- Opening Delimiter -

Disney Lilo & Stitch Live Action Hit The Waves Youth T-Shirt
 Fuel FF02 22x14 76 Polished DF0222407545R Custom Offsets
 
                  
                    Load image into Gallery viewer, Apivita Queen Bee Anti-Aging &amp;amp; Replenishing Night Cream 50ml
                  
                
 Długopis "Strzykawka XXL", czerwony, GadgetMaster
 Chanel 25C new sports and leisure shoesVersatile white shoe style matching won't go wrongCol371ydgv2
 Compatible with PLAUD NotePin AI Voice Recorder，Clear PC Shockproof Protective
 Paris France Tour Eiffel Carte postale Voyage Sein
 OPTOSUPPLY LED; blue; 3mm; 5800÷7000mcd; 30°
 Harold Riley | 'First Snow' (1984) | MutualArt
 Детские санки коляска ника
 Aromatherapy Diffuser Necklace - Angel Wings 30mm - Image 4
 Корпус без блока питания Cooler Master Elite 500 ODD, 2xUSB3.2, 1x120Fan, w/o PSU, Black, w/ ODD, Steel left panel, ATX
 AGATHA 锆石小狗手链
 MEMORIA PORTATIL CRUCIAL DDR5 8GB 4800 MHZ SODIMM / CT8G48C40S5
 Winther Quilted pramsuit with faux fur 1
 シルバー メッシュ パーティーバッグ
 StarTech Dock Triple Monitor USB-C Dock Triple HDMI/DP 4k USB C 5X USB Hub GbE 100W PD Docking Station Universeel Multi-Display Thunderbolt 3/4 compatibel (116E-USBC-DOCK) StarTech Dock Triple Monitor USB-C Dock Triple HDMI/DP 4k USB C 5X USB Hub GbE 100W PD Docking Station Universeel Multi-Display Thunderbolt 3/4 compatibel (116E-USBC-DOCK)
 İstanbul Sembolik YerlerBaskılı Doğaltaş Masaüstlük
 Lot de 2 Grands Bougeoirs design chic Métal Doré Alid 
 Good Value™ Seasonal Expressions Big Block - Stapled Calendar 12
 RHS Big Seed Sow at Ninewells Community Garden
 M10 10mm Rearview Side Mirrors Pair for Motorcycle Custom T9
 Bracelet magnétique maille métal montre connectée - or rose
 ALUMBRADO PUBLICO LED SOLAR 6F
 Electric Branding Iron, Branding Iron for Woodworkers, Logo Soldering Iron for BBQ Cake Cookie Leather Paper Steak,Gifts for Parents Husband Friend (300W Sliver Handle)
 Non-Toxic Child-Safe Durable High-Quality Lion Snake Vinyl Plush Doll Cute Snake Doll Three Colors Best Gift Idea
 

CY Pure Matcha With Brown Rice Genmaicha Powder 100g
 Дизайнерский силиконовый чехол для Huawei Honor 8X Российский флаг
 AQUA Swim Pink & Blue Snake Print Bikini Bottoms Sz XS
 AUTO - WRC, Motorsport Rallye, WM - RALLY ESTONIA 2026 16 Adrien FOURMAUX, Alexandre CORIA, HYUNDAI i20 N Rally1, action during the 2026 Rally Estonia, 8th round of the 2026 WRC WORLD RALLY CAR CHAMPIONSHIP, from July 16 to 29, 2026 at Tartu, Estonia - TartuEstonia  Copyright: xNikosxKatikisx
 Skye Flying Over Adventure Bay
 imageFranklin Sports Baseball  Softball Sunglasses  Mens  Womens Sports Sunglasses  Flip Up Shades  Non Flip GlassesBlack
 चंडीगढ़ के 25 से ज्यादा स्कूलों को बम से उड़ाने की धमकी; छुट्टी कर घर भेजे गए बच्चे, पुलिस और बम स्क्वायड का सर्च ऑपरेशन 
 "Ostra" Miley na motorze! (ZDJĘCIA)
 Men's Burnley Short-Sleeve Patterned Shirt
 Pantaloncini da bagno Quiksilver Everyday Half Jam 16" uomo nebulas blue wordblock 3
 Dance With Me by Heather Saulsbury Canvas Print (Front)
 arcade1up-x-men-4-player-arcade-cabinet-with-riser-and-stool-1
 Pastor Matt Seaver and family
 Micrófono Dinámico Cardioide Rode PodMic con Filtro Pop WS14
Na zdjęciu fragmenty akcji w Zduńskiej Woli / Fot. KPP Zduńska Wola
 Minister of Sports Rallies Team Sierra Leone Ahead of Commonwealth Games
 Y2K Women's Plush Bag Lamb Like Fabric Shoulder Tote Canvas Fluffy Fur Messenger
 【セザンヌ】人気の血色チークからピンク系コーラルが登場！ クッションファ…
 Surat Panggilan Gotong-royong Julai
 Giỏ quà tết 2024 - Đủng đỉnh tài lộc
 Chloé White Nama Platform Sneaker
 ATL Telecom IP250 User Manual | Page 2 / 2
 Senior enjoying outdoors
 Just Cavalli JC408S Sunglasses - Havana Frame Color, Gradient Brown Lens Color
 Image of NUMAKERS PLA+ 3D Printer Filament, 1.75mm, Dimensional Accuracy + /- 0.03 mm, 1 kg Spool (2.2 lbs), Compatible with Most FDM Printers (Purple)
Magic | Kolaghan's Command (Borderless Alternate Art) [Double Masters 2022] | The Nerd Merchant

- Closing Delimiter -

■ **PROBLEM**
Where a line in the records above contains the string "Canvas", return that line.

■ **SOLUTION TO THIS EXERCISE**
 Dance With Me by Heather Saulsbury Canvas Print (Front)
 Y2K Women's Plush Bag Lamb Like Fabric Shoulder Tote Canvas Fluffy Fur Messenger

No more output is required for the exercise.